_WHAT YOU ARE ASKED TO DO_: Output all of the data exactly, keeping any images out of the copy.

_DATA PROVIDED_:
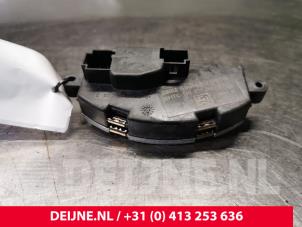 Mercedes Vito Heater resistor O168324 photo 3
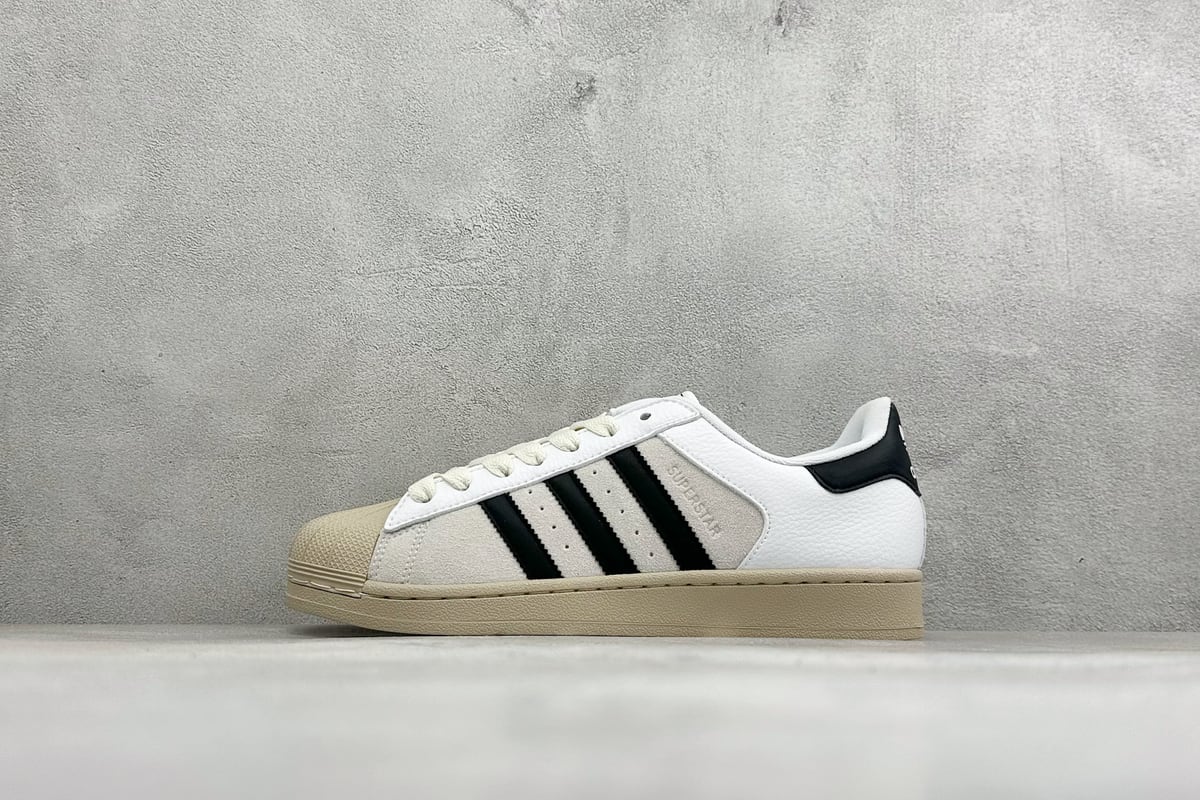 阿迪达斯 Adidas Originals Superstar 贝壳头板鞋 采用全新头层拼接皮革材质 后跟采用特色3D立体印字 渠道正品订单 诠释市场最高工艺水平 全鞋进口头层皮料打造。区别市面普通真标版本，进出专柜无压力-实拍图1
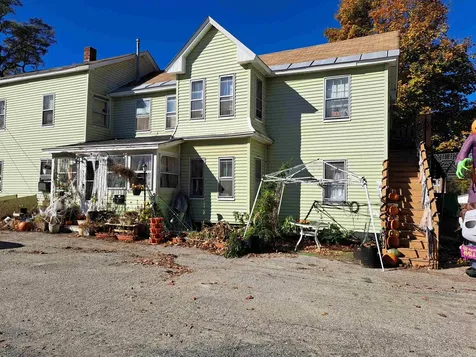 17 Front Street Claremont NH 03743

_RESPONSE FOR THIS EXERCISE_:
 Mercedes Vito Heater resistor O168324 photo 3
 阿迪达斯 Adidas Originals Superstar 贝壳头板鞋 采用全新头层拼接皮革材质 后跟采用特色3D立体印字 渠道正品订单 诠释市场最高工艺水平 全鞋进口头层皮料打造。区别市面普通真标版本，进出专柜无压力-实拍图1
 17 Front Street Claremont NH 03743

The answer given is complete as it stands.